GeoTIFFs to reV HDF5 Files#
Prerequisites:
Required: None
Recommended: Working with GeoTIFFs
Introduction#
In the previous tutorial, we demonstrated how we can use reVX
’s Geotiff
handler to manage geotiff files.
In this tutorial, we will go over getting TIFF files into a reV-ready format using the LayeredH5
handler.
We’ll cover the following steps:
Creating a Layered HDF5 file using a GeoTIFF template
Writing layers to the Layered HDF5 file
Extracting layers from the Layered HDF5 file
All of the above from the command line
Let’s get started!
Downloading the data#
Before we dive into the code, we first have to download a sample TIFF from Siting Lab to use as an example of adding data to a layered HDF5 file. In particular, we will be using data from [GDS24a], [GDS24b], [GDS24c], and [GDS24d].
If you have already downloaded the data, you can skip this step (just make sure path variables below are set correctly). We’ll start by defining the local file path destination:
AIRPORT_HELIPORT_SETBACKS = "airport_heliport_setbacks.tif"
NEXRAD_GREEN_LOS = "NEXRAD_green_los.tif"
SETBACKS_PIPELINE_REFERENCE = "setbacks_pipeline_reference.tif"

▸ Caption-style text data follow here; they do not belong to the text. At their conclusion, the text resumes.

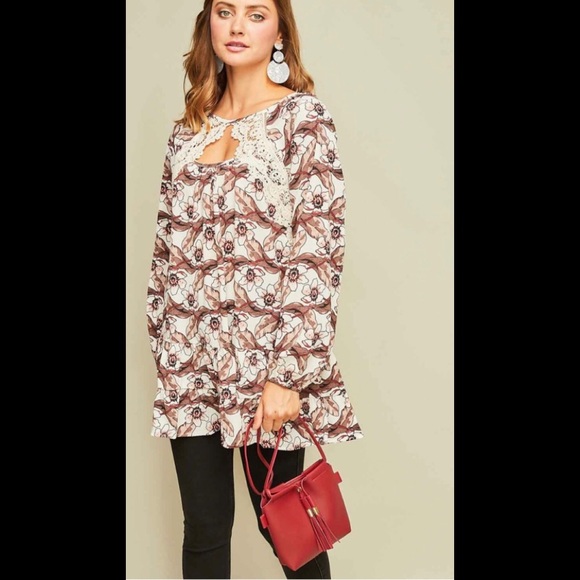 Floral print drop waist tunic top - Picture 3 of 6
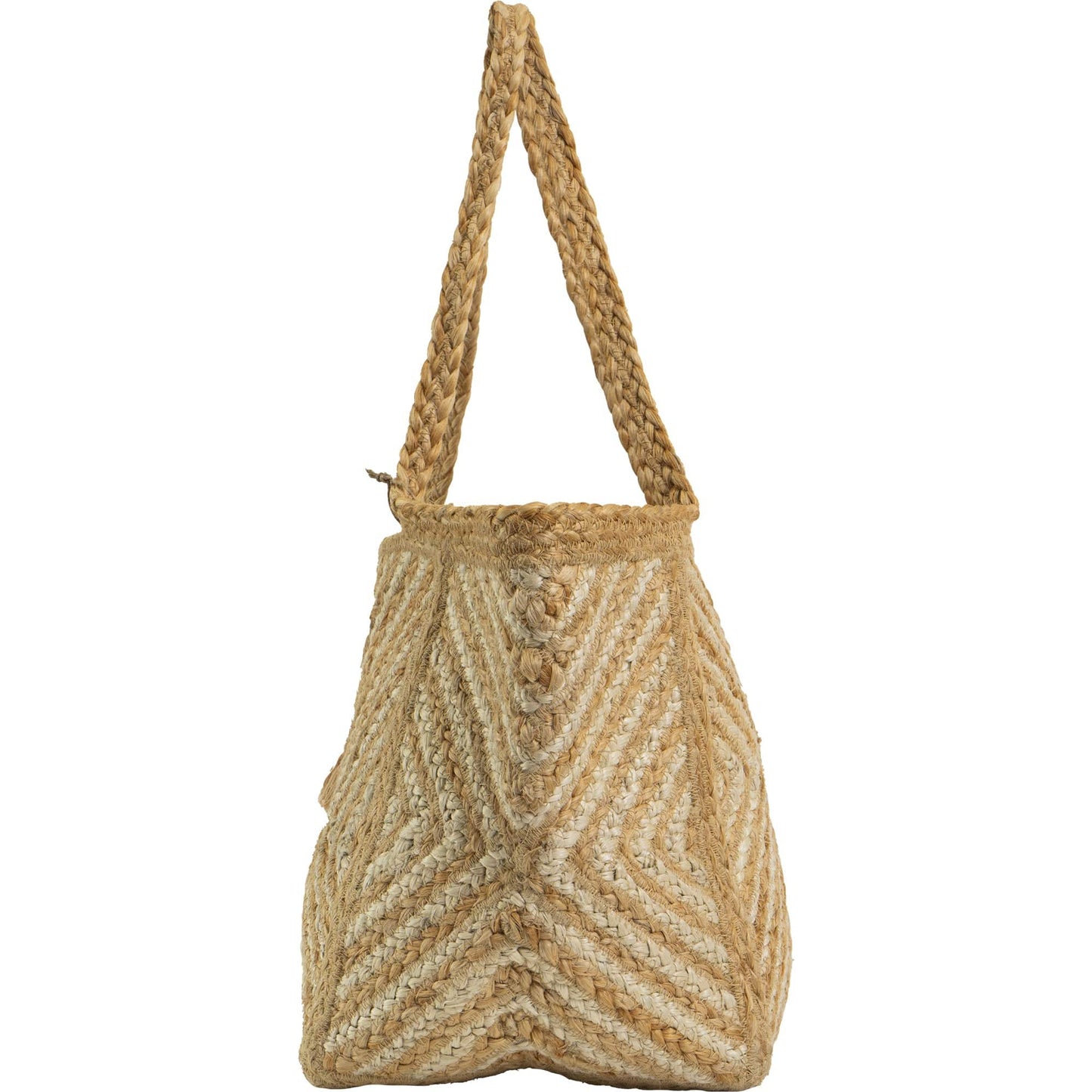 Magid Diamond Woven Natural Straw Jute Tote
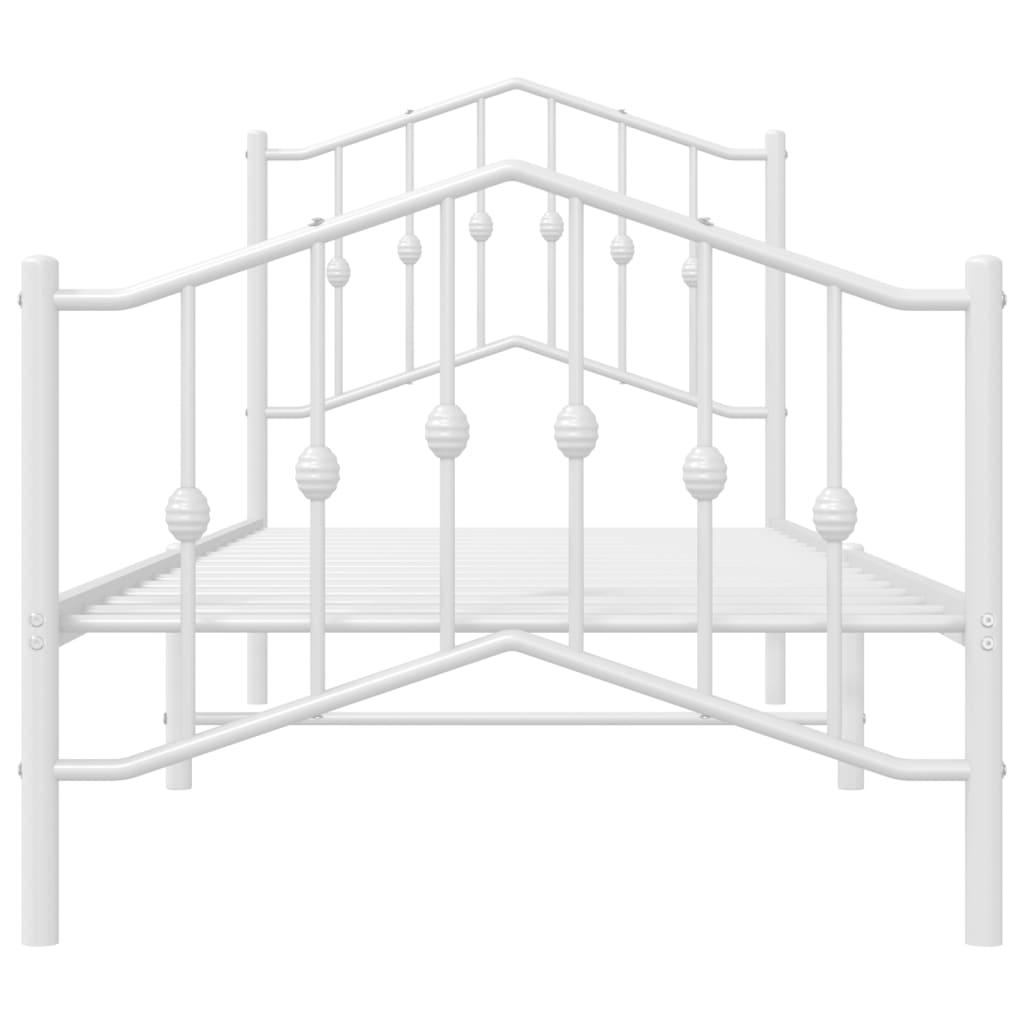 Bettgestell mit Kopf- und Fußteil Metall Weiß 90x200 cm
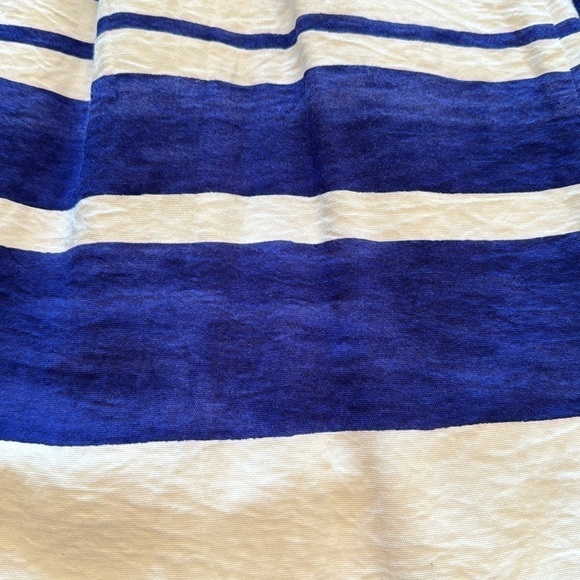 LOFT Size 0 (Fits 2-4) Blue & White Striped Fit and Flare Midi Dress - Picture 13 of 14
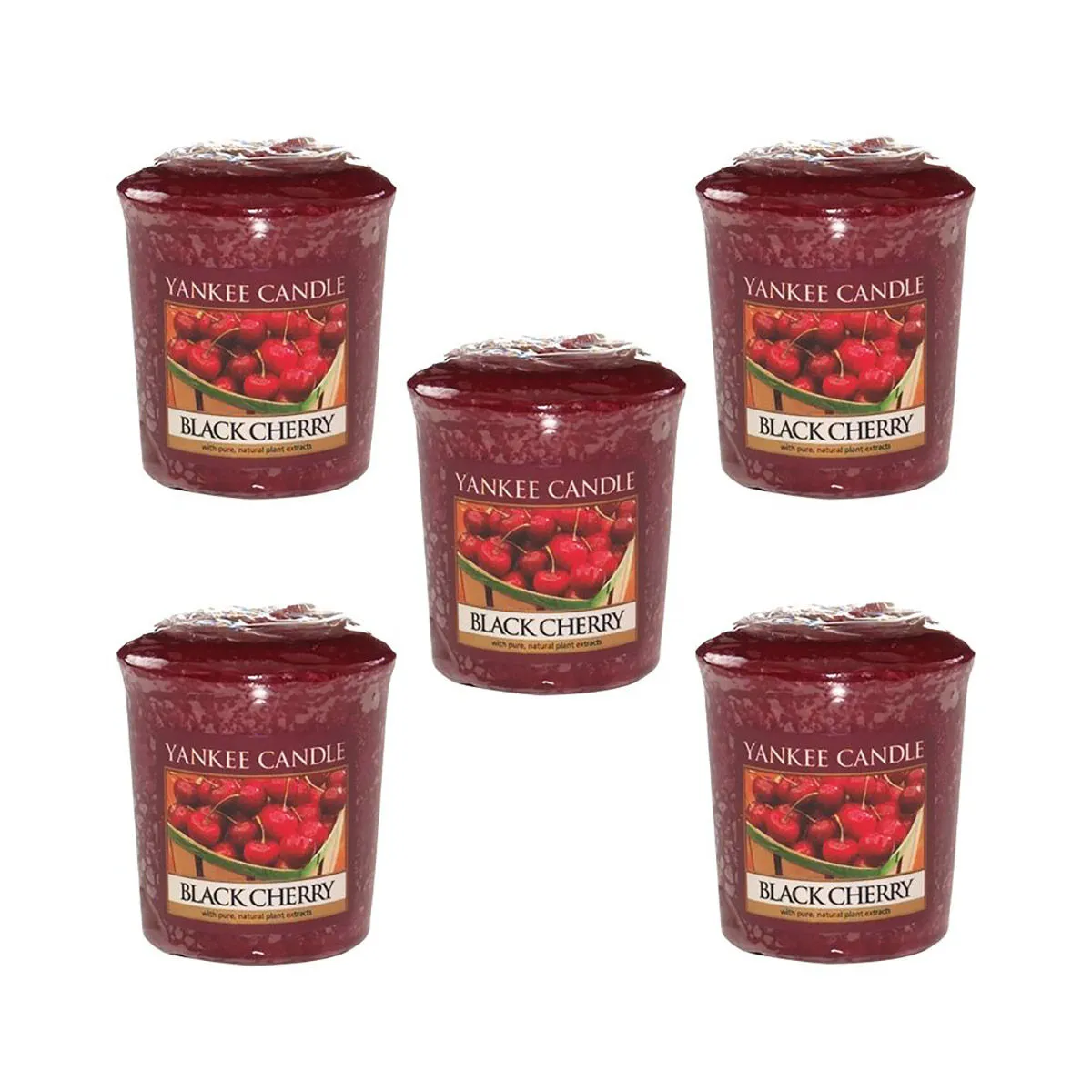 Yankee Candle Classic Votive Black Cherry Scented Candles - Pack of 5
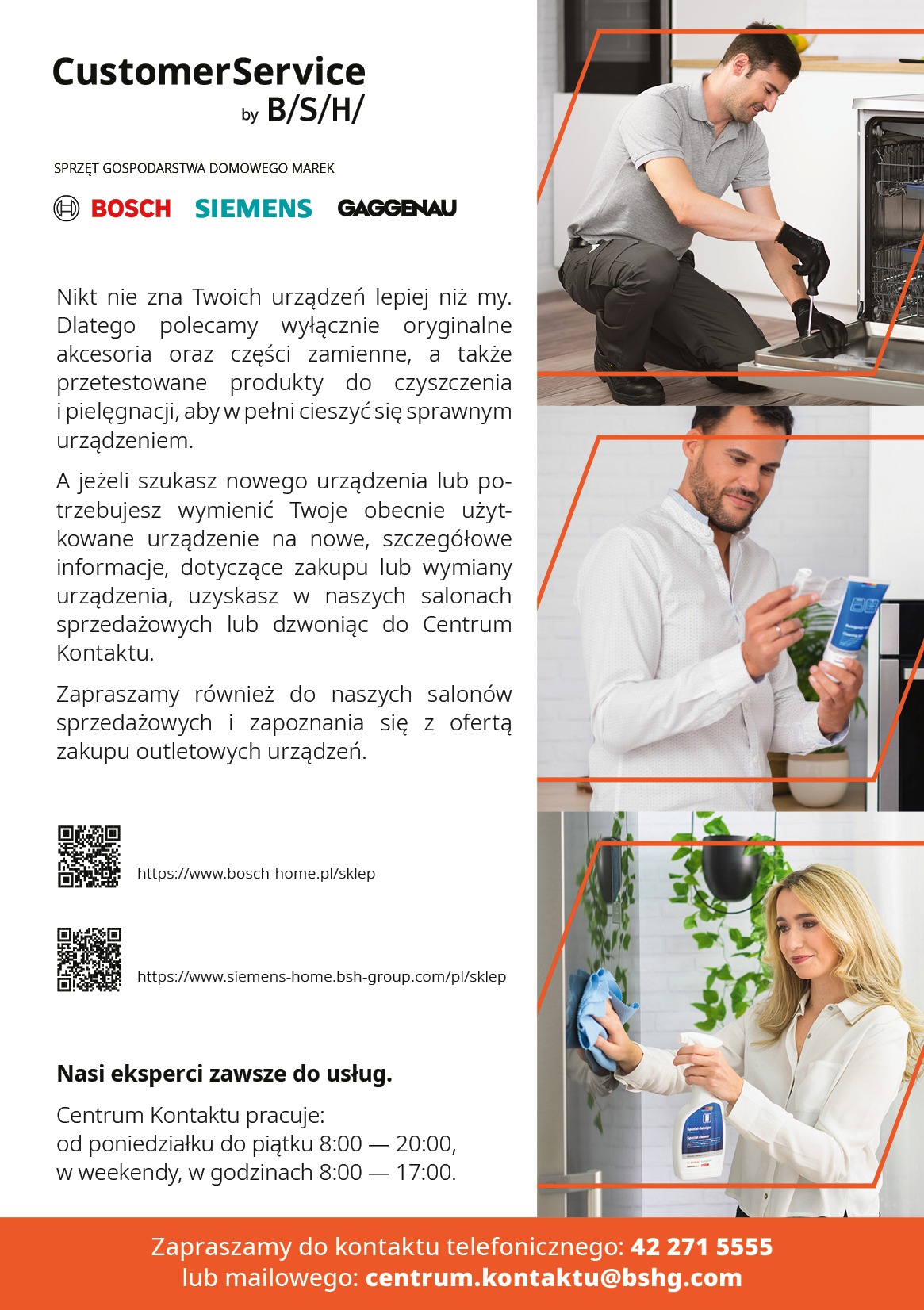 Reklama serwisu AGD BSH: mężczyzna naprawia zmywarkę, mężczyzna prezentuje środek czyszczący, kobieta czyści lodówkę. Usługi i części zamienne.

SETBACKS_STRUCTURE_115HH_170RD = "setbacks_structure_115hh_170rd.tif"
SETBACKS_STRUCTURE_REFERENCE = "setbacks_structure_reference.tif"
Let’s also define the URL for each of these files:
FILE_URLS = {
AIRPORT_HELIPORT_SETBACKS: "https://data.openei.org/files/6120/airport_heliport_setbacks.tif",
NEXRAD_GREEN_LOS: "https://data.openei.org/files/6121/nexrad_4km.tif",
SETBACKS_PIPELINE_REFERENCE: "https://data.openei.org/files/6125/setbacks_pipeline_115hh_170rd_extrapolated.tif",
SETBACKS_STRUCTURE_115HH_170RD: "https://data.openei.org/files/6132/setbacks_structure_115hh_170rd_extrapolated.tif",
SETBACKS_STRUCTURE_REFERENCE: "https://data.openei.org/files/6132/setbacks_structure_115hh_170rd.tif"
}
Next, we can use a siting lab utility function to download the data. This function uses urllib
(which is part of the Python standard library) under the hood.
crop=True
to crop the data immediately after downloading it to make it easier to work with. If you have a machine with sufficiently large memory (32GB+), or you are downloading the file in order to use it for analysis purposes, you should set crop=False
.
def download(local_filepath):
url = FILE_URLS[local_filepath]
download_tiff_file(url, local_filepath, crop=True)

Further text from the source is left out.